INFORMATION PROVIDED —
####

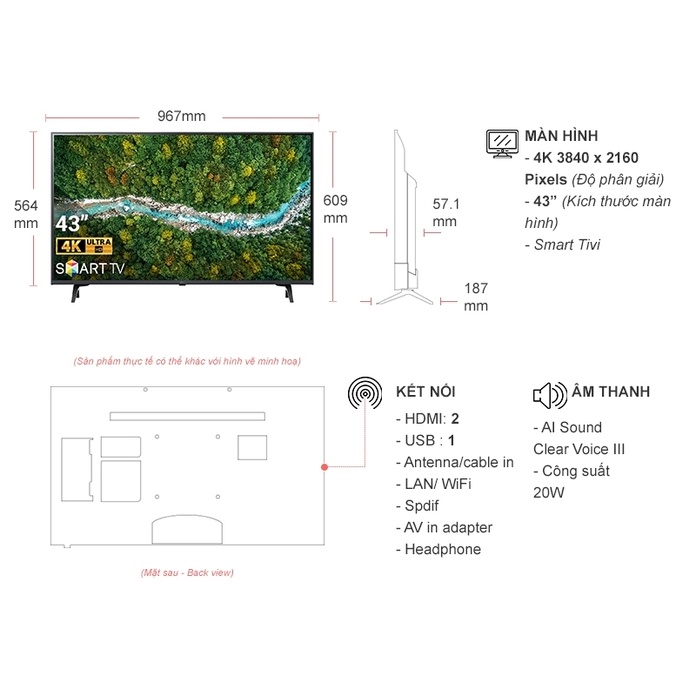 43UP7720PTC MIỄN PHÍ CÔNG LẮP ĐẶT Smart Tivi LG 4K 43 Inch 43UP7720PTC ThinQ AI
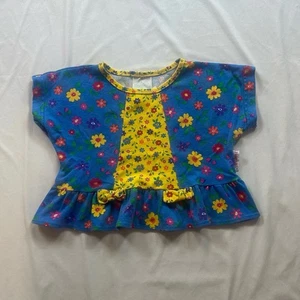 Vintage Healthtex Shirt Kinder Größe 6 blau gelb Blumen Hippie Rüschen Top Schleifen - Bild 1 von 10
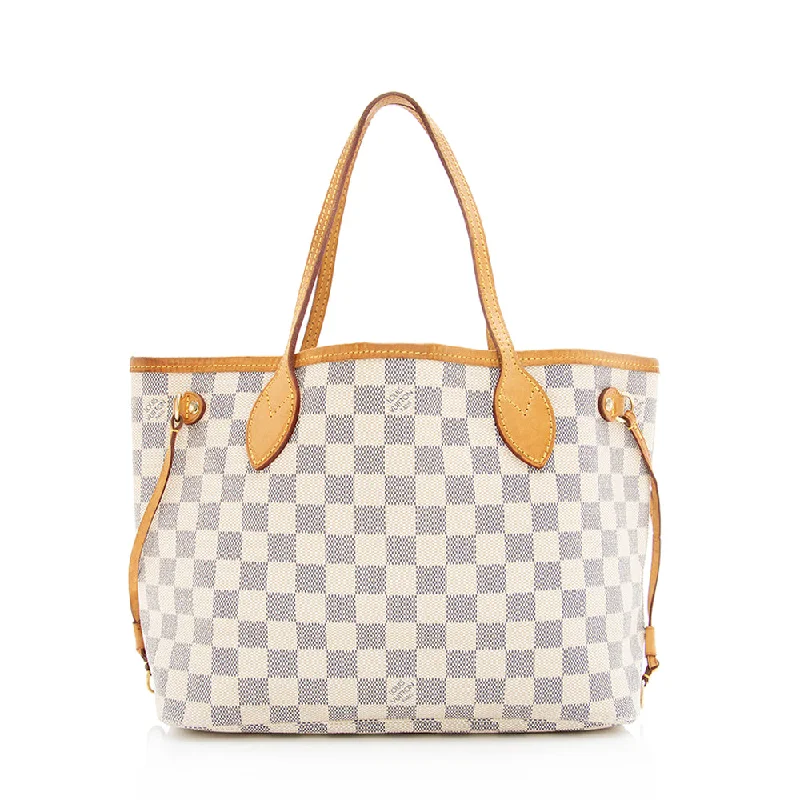 Louis Vuitton leather handbags with intricate details -Louis Vuitton Damier Azur Neverfull PM Tote - FINAL SALE (SHF-19639)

####

WORK INSTRUCTIONS — Where pictures sit among the data above, omit them, and output the rest exactly.

SOLUTION TO THE PROBLEM —
 43UP7720PTC MIỄN PHÍ CÔNG LẮP ĐẶT Smart Tivi LG 4K 43 Inch 43UP7720PTC ThinQ AI
 Vintage Healthtex Shirt Kinder Größe 6 blau gelb Blumen Hippie Rüschen Top Schleifen - Bild 1 von 10
 Louis Vuitton leather handbags with intricate details -Louis Vuitton Damier Azur Neverfull PM Tote - FINAL SALE (SHF-19639)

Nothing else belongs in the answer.